In this article, we'll discuss how material science and machine learning are converging in fascinating ways to help manufacturers improve the quality of their additive manufacturing processes. We'll also explore some of the potential applications of this technology, including its ability to create customized parts with unique properties.
So, if you're interested in learning more about the future of additive manufacturing, read on!
Challenges and Opportunities
3D printing technology has been around since the 1980s, but its application has becoming increasingly more prevalent in the manufacturing industry as the technology continues to mature and materials improve.
Additive manufacturing offers significant advantages over traditional manufacturing processes.
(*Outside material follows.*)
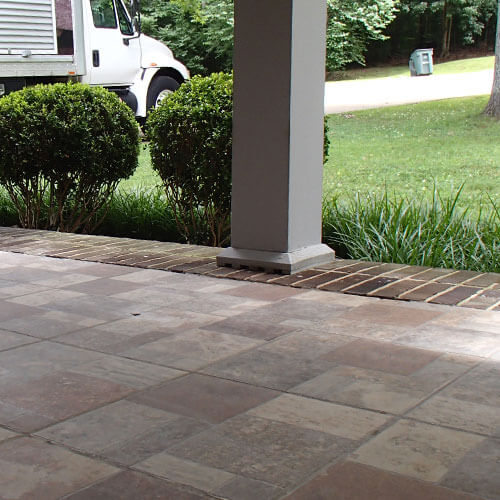 Repairing a cracked driveway in North Ridgeville, OH.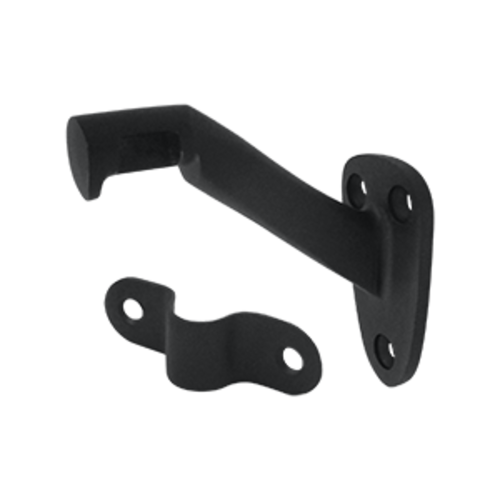3.31 in. Projection Hand Rail Brackets, Black - Solid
Perhaps the most important is that it allows for much greater flexibility in design; complicated shapes and structures which would be difficult or impossible to create using other methods can be easily produced using additive manufacturing.
It also opens up the possibility of mass customization, where products can be tailor-made to individual specifications with little or no increase in cost. And because there is no need for specialized tooling—as all that is required is a digital file containing the design of the desired object—additive manufacturing can be extremely quick and easy to set up.
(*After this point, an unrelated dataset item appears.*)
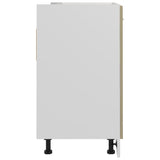 NNEVL Sink Bottom Cabinet Sonoma Oak 80x46x81.5 cm Chipboard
One drawback is the way in which objects are built up layer by layer. Often, there can be issues with structural integrity, particularly with larger objects. This is where machine learning comes in!
How can machine learning improve additive manufacturing?
Machine learning is a type of artificial intelligence that provides computers with the ability to learn without being explicitly programmed. This technology can be used to improve additive manufacturing in a number of ways.
For example, it can be used to automatically generate new designs for objects that need to be manufactured using 3D printing, or to optimize existing designs to make them more suitable for additive manufacturing.
Additionally, machine learning can be used to create models of how an object will behave when manufactured use 3D printing, which can help identify any potential issues before the manufacturing process begins.
One of the more common problems with additive manufacturing is defects and variability between parts as layers of material are placed on the print bed.
Automation Alley COO Pavan Muzumdar heads up Automation Alley’s Project DIAMOnD initiative, which is creating a distributed network of 3D printers across Michigan. He says that solving issues related to quality control within additive manufacturing will help to further accelerate the use of the technology.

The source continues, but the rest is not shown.